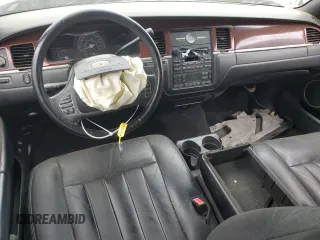 2003 Lincoln Town Car Executive z VIN 1LNHM81W33Y653643, wystawiony jako Copart lot #58824145 z przebiegiem Nie podano mil oraz Szkoda całkowita • Salvage title. Historia ofert i sprzedaży dostępna na DreamBid. Obrazek 8.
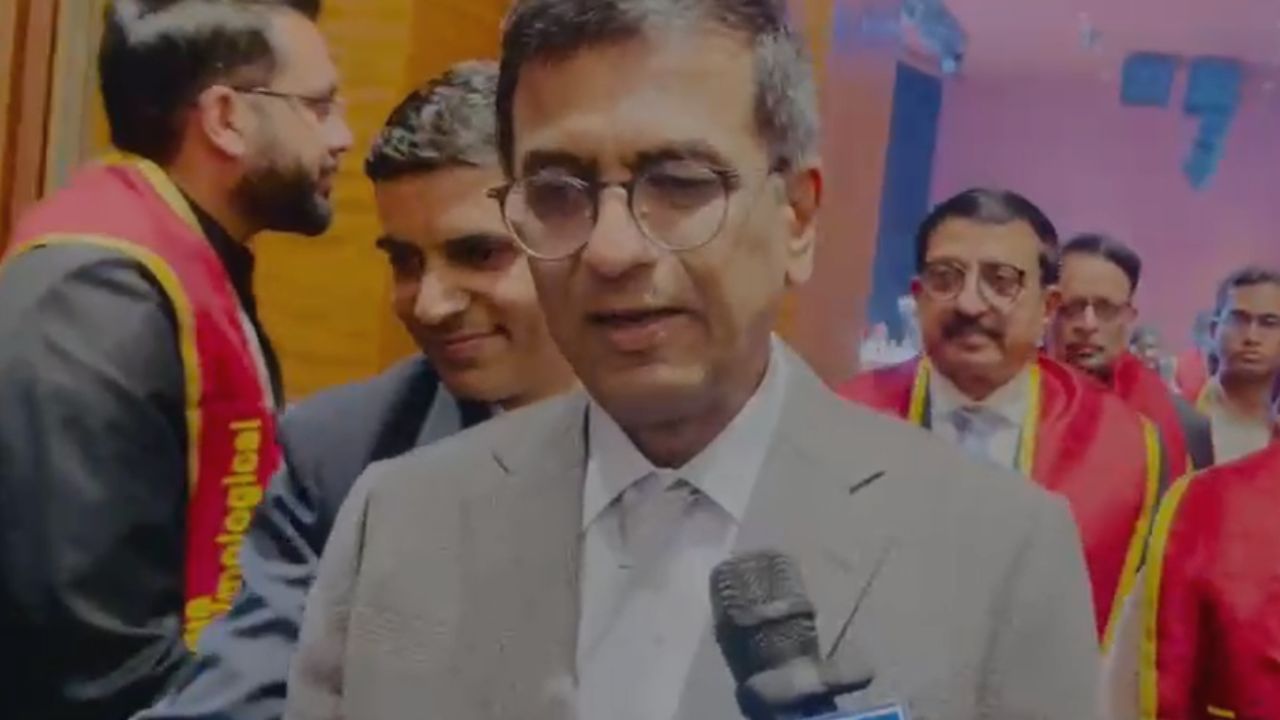 पूर्व CJI डॉ. डीवाई चंद्रचूड़ ने डॉक्टरों को बांटी डिग्री, देश में महिला चिकित्सकों की बढ़ती सख्या पर जताई खुशी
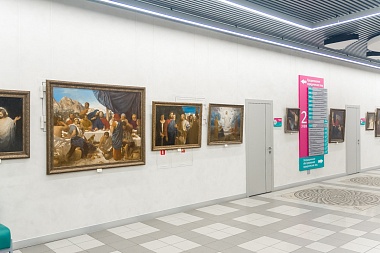 В рязанском Прио-Внешторгбанке открылась выставка «Отче наш...» - 62ИНФО В рязанском Прио-Внешторгбанке открылась выставка «Отче наш...»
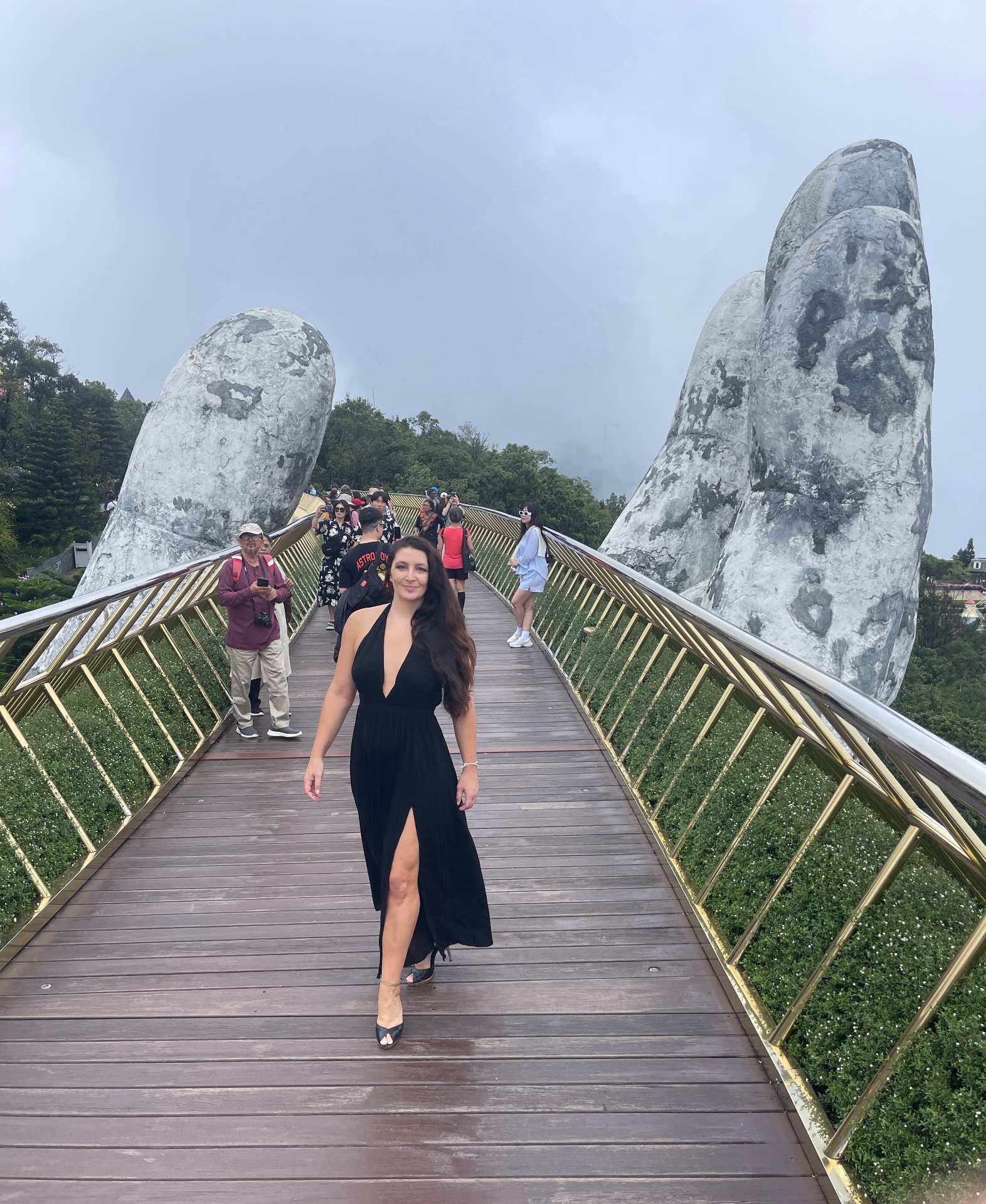 Shannon Smith at the Golden Bridge in Vietnam — neuroscience speaker and world traveler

**Problem requirements:**
Print the material again, unchanged, without its pictures.

**Exercise answer:**
 2003 Lincoln Town Car Executive z VIN 1LNHM81W33Y653643, wystawiony jako Copart lot #58824145 z przebiegiem Nie podano mil oraz Szkoda całkowita • Salvage title. Historia ofert i sprzedaży dostępna na DreamBid. Obrazek 8.
 पूर्व CJI डॉ. डीवाई चंद्रचूड़ ने डॉक्टरों को बांटी डिग्री, देश में महिला चिकित्सकों की बढ़ती सख्या पर जताई खुशी
 В рязанском Прио-Внешторгбанке открылась выставка «Отче наш...» - 62ИНФО В рязанском Прио-Внешторгбанке открылась выставка «Отче наш...»
 Shannon Smith at the Golden Bridge in Vietnam — neuroscience speaker and world traveler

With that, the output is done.